At $14 per pack one wonders why anyone on this earth would buy smokes. Or at least, anyone who is on a budget. Shoot, a lot of people feed families on less than $14 per day.
I know tobacco is extremely addictive, but it has to be something more that would make people keep burning their money like that. Social pressure? Are they making a statement? No good ideas on how to replace the habit with something better? The awesome power of subliminal marketing? Or is it really so physically addictive that they can’t say no, no matter how much it hurts the wallet and the body? Scary.
I know. How sad is that? When I lived there they were a little over $10 a pack but I’d usually get them at a reservation where there was no tax on them. Or we’d drive to Ontario where the taxes weren’t so high and buy a bunch.

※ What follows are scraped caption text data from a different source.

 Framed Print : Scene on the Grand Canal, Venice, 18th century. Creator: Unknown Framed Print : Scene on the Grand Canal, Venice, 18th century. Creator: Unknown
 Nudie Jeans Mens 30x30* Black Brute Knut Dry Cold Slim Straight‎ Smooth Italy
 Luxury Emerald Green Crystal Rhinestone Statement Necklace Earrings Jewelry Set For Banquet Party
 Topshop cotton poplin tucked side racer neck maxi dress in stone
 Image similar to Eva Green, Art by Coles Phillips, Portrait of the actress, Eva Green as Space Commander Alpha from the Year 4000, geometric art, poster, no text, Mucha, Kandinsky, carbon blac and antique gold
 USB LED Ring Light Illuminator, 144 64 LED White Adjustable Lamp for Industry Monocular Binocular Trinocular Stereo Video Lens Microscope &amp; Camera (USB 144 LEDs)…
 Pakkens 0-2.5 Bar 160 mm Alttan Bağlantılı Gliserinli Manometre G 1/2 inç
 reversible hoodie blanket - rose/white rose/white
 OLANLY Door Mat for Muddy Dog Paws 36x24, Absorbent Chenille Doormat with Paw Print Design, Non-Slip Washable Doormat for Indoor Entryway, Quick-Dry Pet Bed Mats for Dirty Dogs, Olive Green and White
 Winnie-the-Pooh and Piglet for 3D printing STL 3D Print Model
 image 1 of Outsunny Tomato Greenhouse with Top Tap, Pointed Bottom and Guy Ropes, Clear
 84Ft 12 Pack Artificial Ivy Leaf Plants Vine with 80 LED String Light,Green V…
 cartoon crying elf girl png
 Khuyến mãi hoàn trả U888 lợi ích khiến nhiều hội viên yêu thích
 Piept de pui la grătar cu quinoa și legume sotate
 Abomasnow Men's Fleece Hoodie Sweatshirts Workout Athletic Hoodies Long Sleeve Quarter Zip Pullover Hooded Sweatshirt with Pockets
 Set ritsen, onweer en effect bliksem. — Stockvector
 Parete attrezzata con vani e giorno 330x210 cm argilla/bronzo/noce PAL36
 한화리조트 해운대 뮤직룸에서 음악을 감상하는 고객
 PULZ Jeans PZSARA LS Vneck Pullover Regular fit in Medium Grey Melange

By the time I lived there I’d already smoked for more than 25 years so it didn’t even occur to me to quit.
Those sleeve things used to be sold near the lighters and I used to get them at the reservation to the west of Dominion City. Maybe the don’t make them anymore. Are the packs still sold with those pics on them? I haven’t seen Canadian cigarettes since Audra was here 2 years ago. You may not notice them if you don’t look around or you don’t smoke.
I have never smoked, but I have siblings who do. As I try to look from their perspective, I don’t think the pictures would stop them from smoking–they are already addicted. If anything, they might make a joke of the pictures as they light up. They already know that smoking is bad for their health and some are already starting to feel the effects of years of smoking. It is going to take a lot more than pictures to get my siblings to stop. Now, would the pictures deter someone who has never smoked from giving it a try? Not sure on that–there is already a lot of educational materials out there about the dangers of smoking, has it deterred many people? I would love to know the statistics on that.
Wow. This is what happens when I disappear for a day!!! I need to stick closer to my computer!
*sniff sniff* I missed you.
I smoked 3 packs a day for 20 years and I have been a non-smoker for 3 almost 4 years. To this day I still wake up and want a cigarette! Those pictures are not going to make anyone quit in my opinion. If the price won’t make someone quit, or the health risks these pictures won’t. But I do agree they may become a type of collector item among the younger crowd.